Data Generation Strategy
1) Read MNIST data from torchvision datasets. It gives image and the number corresponding to it.
mnist_data = torchvision.datasets.MNIST(root="data", train=train, download=True, transform=None)
img, out_number = mnist_data[idx]
2) For each MNIST image, a random number between 0 and 9 is generated
random_input = randrange(10)
3) Calculate sum by adding MNIST number from step 1 and random number from step 2.
sum = number + random_input
Thus, dataset will contain (img, random_input) as input and (out_number, sum) as output.
This dataset is further divided into training, test and evaluation datasets. The 60,000 images of training MNIST dataset is used to create training and test dataset. 80% of 60,000 data form training dataset. 20% of 60,000 data form test dataset. The 10,000 images of test MNIST dataset is used to create evaluation dataset.

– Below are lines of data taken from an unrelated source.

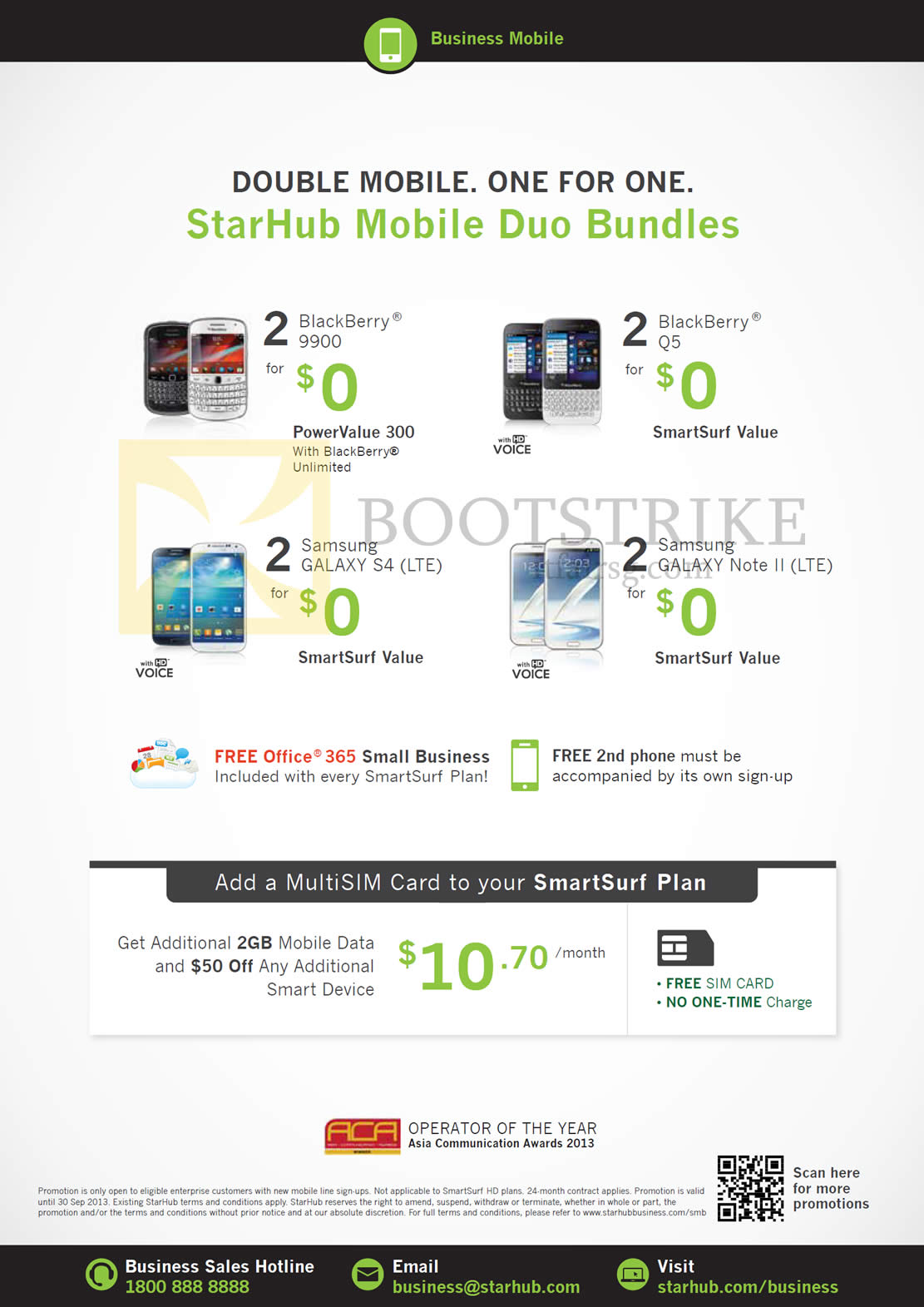 COMEX 2013 price list image brochure of Starhub Business Mobile Blackberry 9900, Q5, Samsung Galaxy S4, Note II, Free Office 365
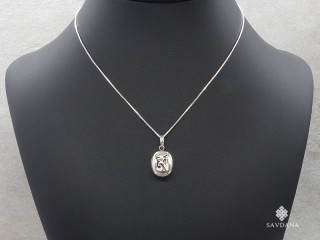 PA439 Pendentif Amulette Ghau Argent Massif Om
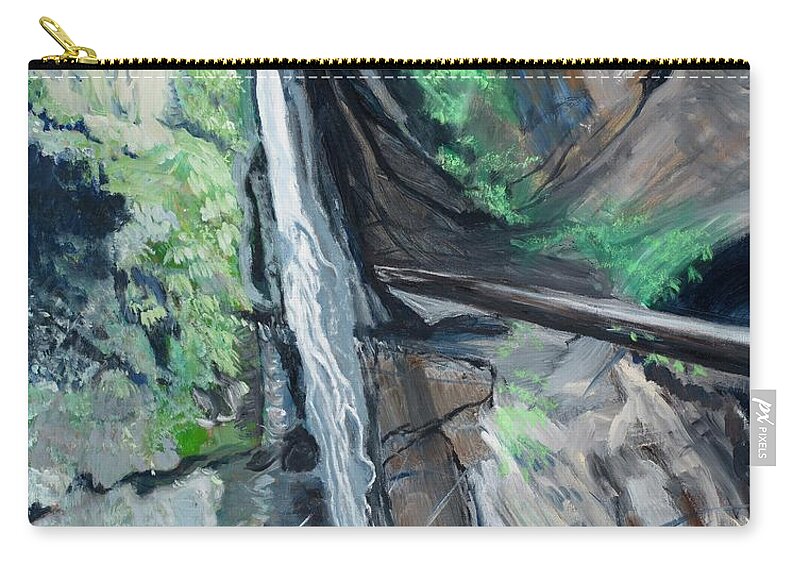 Waterfall Zip Pouch featuring the painting Maple Falls by Santana Star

Training Dataset size: 48000 Validation Dataset size: 12000 Evaluation Dataset size: 10000
Training Dataset
Test Dataset
Evaluation Dataset
Model
IdentityAdderModel - a neural network that can: I) take 2 inputs:
1) an image from MNIST dataset, and
2) a random number between 0 and 9
II) and gives two outputs:
1) the “number” that was represented by the MNIST image, and 2) the “sum” of this number with the random number that was generated and sent as the input to the network
Model Structure:
The model consist of 3 parts:
a) CNN network to identify number from MNIST image: It consist of 2 convolution blocks. Each convolution block consist of 2 convolution sequentials and Maxpooling layer. Each convolution sequential consist of convolution layer followed by ReLU, batch normalization and dropout layers. After the 2 convolution blocks, another convolution lock is used. By now, a good enough receptive field of 32x32 is reached. So, then a global average pooling is applied. The result of average pooling is combined with fully connected layers to get an embedding of the number identified which has size 20.

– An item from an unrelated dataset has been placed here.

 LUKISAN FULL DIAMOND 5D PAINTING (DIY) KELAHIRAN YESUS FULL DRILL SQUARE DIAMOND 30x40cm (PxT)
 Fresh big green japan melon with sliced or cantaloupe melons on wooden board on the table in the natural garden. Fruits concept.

b) Fully connected network to learn both number and addition of numbers: The 20 size embedding from above CNN and one hot encoding of random number input with size 10 are concatenated and then passed through 2 fully connected layers.

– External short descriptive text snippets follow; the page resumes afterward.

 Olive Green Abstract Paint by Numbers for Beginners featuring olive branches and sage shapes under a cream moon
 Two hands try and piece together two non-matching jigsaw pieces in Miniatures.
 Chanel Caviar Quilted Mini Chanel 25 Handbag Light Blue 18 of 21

c) Output layers: There are 2 output layers. Each of them is a fully connected layer with 10 neurons for number prediction but 19(as max sum result=18) neurons for sum prediction.
Summary of model used:
Loss Function used is:
loss = nn.CrossEntropyLoss(out1, num) + nn.CrossEntropyLoss(out2, sum)
Since predicting both MNIST number and sum are classification problems with 10 and 19 classes respectively.
Training and Testing of model
Maximum Training Accuracy: 97.84 % Test Accuracy: 98.84 %
Accuracy and Loss of model during training and testing
Training vs Testing Accuracy
Model Evaluation
Model is evaluated on evaluation dataset. For evaluation, below loss function was used:
loss = nn.CrossEntropyLoss(out1, num) + nn.CrossEntropyLoss(out2, sum)
Average Loss and Accuracy Percentage metrics are used for each output - number and sum, along with overall loss and accuracy. Accuracy is in percentage.